Anger revived Rain’s spirits, far better than the dull shock of the past few hours. No one in Tigral would treat a visitor like this! Common courtesy would demand that you open your home to the traveller.
If she saw him again, she would be tempted to slap him for his neglect. Energized by her rage, Rain turned on her heel and strode back to the bath-house.
‘I want to say about a crime,’ she announced, trying to make herself understood to the woman in charge. ‘I say about an attack. Bandits.’
‘What’s new, love?’ the portly woman said with an indifferent shrug. ‘Been a raid each week for months now. But if you must, take your tale to the guard house at the gate.’ She pointed across the street to a prisonlike building with bars on the window.
Rain marched to the guard house before her nerve failed her and rapped on the door.
‘Come!’ called a gruff voice.
Rain entered, finding herself in a darkened room that smelt of stale beer and unwashed humans, which she thought odd considering the bath-house was so close. A man sat with his feet up on a table, his blue uniform with its slashed sleeves unbuttoned at the waist so that his belly hung over his belt. He examined her with vague but friendly interest.
‘Where are you from, darling?’ he asked. ‘Not seen the likes of you before.’ He put his feet on the floor and brushed some crumbs off the table. ‘Sit down. Tell me your tale.’ He seemed relaxed, in no hurry to hear the report of a crime.
Rain took the bench opposite him, twisting her fingers in her lap. ‘Thank you, sir. My name is Rain Glassmaker. I come from Holt, a long way from your country. I travel with ambassador. He is dead. Bandits attack.’
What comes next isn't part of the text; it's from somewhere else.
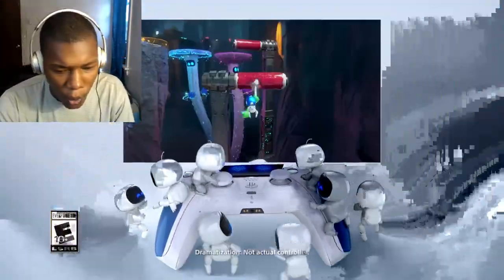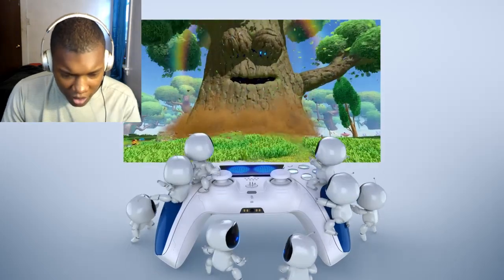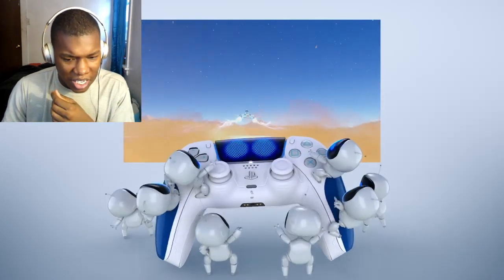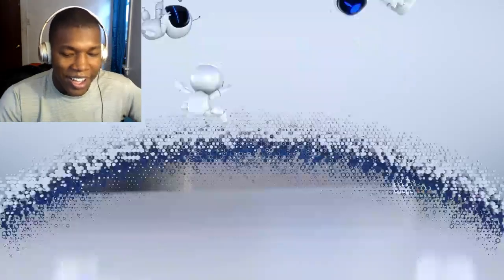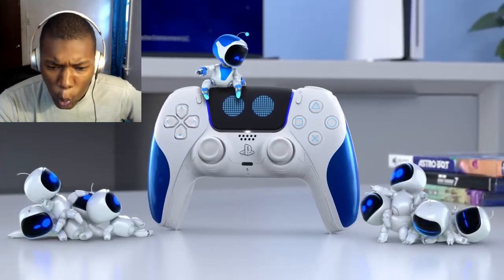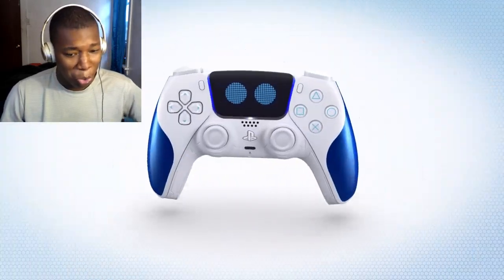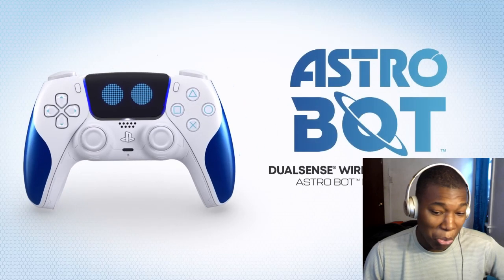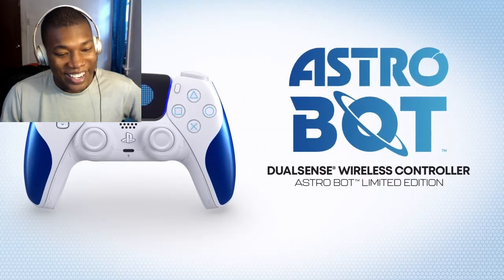Alright, so we got the Astro Bot DualSense controller reveal. Let's get to the video. It's like all white with a little blue? I'm liking that. I like that.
‘What! An attack on an ambassador?’ The guard shot to his feet and lunged for a bell rope; he pulled it three times, summoning more help. ‘Where?’
Relieved that her report was being taken seriously, Rain pointed westwards.
‘On road from the port. All killed.’
Two men came into the room, buckling on their swords.
‘Was everything taken?’ The guard scribbled a message down on a piece of paper.
Rain frowned, puzzling her way through his words. ‘Yes, people killed, baggage stolen.’
‘And you: how did you escape?’
Rain rubbed her hand over her eyes, wondering if her limited Magharnan would stretch to explaining.
‘Man called Krital took me. A man with a bird helped me.’ She feared she wasn’t making much sense.
The guard turned to his colleagues. ‘Take a party out to the mountain pass and check the girl’s story. You’ll need wagons to transport the bodies and to bring back any survivors. Be quick: it sounds like a jettan was involved.’
The men left hurriedly, leaving Rain alone with the guard again. Standing in front of her with his arms folded, he inspected her from head to toe.
‘You look surprisingly unscathed for your ordeal, mistress.’
Rain frowned. ‘Sorry, I do not understand.’
He gestured to her appearance.
‘Ah, I see. Falcon man, he made I go bath.’
The guard relaxed his stance, his suspicions quieted. ‘Good. Then you are purified and can enter the city. I’ll escort you to your people.’
‘What people?’
The guard hitched his belt, making his tummy wobble. ‘You must know someone in Rolvint?’
She shook her head. ‘I be in Magharna one day only.’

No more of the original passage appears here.